Claude Sonnet for conversation. Haiku for memory extraction (70% cheaper). Parallel Azure timeout forces 50–70% fewer expensive CU calls. Deterministic income builder replaced $0.005/doc Claude calls.

Testing

575 test cases across Vitest unit tests, Playwright E2E scenarios, and Lighthouse CI. Seeded test clients (w2-simple, freelancer, missing-docs) for repeatable E2E runs. GitHub Actions CI on every push.

The Multi-AI Orchestra

Multi-AI Orchestra

"The secret sauce isn't one AI model — it's the orchestration. Six specialized engines, each playing its role in a carefully choreographed system."

Azure DI
Structured extraction — prebuilt IRS form models, field-level confidence, deterministic output
Azure CU
Semantic understanding — handles unusual layouts, Gen AI-powered, custom trainable analyzers
Claude
Conversation + fallback — SSE streaming agent with 16 tools, edge case extraction
Gemini Flash
Reasoning layer — 12 specialized tax reasoning tasks, scenario analysis, planning
ElevenLabs
Voice synthesis — filing summaries as audio, sharable MP3s with weather-effect player
Langfuse
Prompt ops — versioning, A/B testing, conversation tracing, emotional scoring, cost tracking

Each service is chosen for what it does best.

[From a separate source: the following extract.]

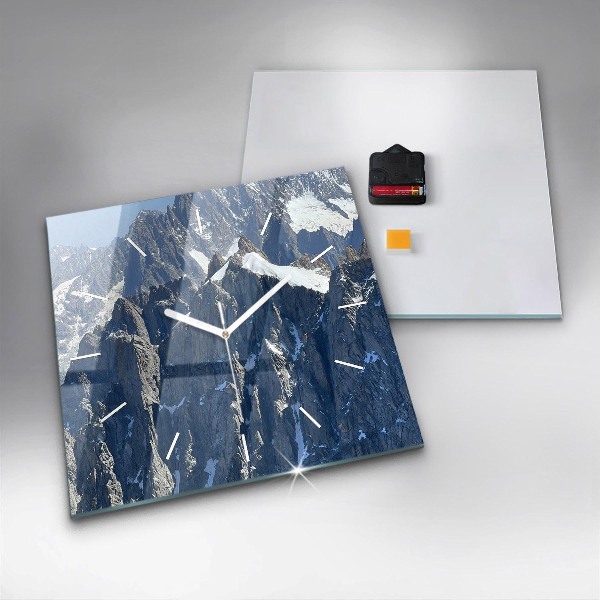 Square wall clock Alps Mountains in Winter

Azure for structured document understanding. Claude for nuanced conversation. Gemini for fast reasoning. ElevenLabs for natural voice. Langfuse for iteration speed. The orchestration layer is the moat — not any single model.

What's Next

The platform thesis expands

Everything built so far — the extraction engine, the agent architecture, the psychographic layer — is a horizontal capability. Tax was the proving ground. The intelligence layer is the product.

Beyond Tax
The workflow intelligence layer that monitors every client relationship in real-time. Flags unreplied communications, missing documents, and approaching deadlines before they become problems.
Beyond One Firm
Multi-tenant architecture. One codebase, vertical-specific configuration. Status pipelines, deadline calendars, signal types, and alert templates — all configurable per vertical.
Beyond US
300,000+ chartered accountants in India. Massively underserved. Distribution moat + product validation + seasonality buffer. Peak seasons offset: India (Jan–Mar, Jul–Sep) vs US (Jan–Apr).
Beyond Filing
Year-round engagement: tax planning, RSU vesting calendar, quarterly estimated payments, Roth conversion optimizer. The client relationship doesn't end at e-file — it begins.

"We built this in 25 days with a lean team. Imagine what happens with 12 months and a platform thesis."